Max Rieser Collection
The Max Rieser Collection predominantly documents the life and work of the lawyer, philosopher and writer Max Rieser. The main subjects of the collection are his life, his writing and his publishing work. The collection consists of manuscripts, correspondence, clippings, official documents and photographs.
Morris “Moe” Berg Papers
This collection contains the papers of Morris "Moe" Berg, who was a professional baseball player, linguist, lawyer, and international spy during WWII. Berg's papers are in the form of correspondence, contracts, telegrams, newspaper and magazine clippings.

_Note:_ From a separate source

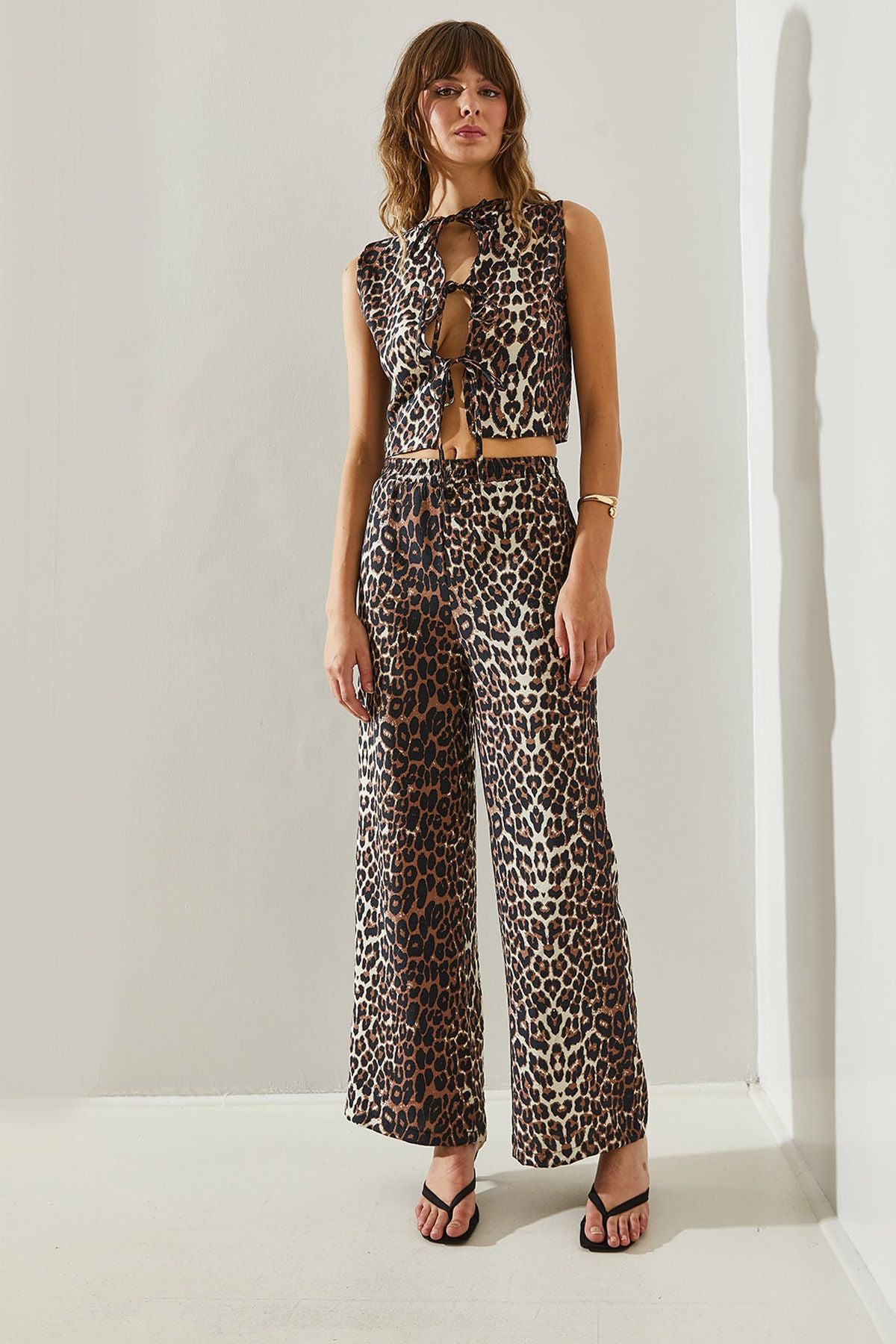 Female Biye Detailed Leopard Patterned Vest Pants 9260 Over-Upper Team 60251394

Nathan Perlmutter (1923-1987) Papers
This collection consists of the papers of Nathan Perlmutter, a lawyer, lecturer, author, political activist, and a long-time leader of the American Jewish community. It contains certificates, newspaper clippings, correspondence — including numerous condolence cards and letters sent to his family after his death — manuscripts and drafts of Perlmutter’s writings, obituaries, printed materials, programs, and subject files relating to topics he was interested in and that he wrote about.
ORT Photograph Collection
This collection consists of photographs and negatives of World ORT conferences and congresses, various individuals connected with ORT, and ORT vocational programs and activities, including in Displaced Person’s camps, in Europe, Asia, the Middle East, Africa, Cuba, and North and South America.
Otto H Ehrlich Collection
The Otto Ehrlich Collection documents the life and professional activities of Otto Ehrlich, economist, lecturer, advertisement artist, and teacher. The collection includes brochures, booklets, clippings, correspondence, financial and immigration documents, minutes, notes, photographs, photo collages, examples of his advertisement work, printed materials and writings. Documents comprising the collection reflect various aspects of Otto Ehrlich’s personal and professional life, teaching, research and writings in the fields of economics, and to a lesser extent his involvement with the field of advertisement and music.
Papers of Abraham Cahan
This collection contains correspondence between Abraham Cahan and many important literary and political figures, as well as Yiddish manuscripts sent to Cahan for consideration in the Forward and notes and drafts of Cahan’s own writings. There are also several articles written about Cahan, before and after his death. These materials serve to illustrate both Cahan’s importance in the literary and publishing fields as well as his involvement in the American socialist and labor movements.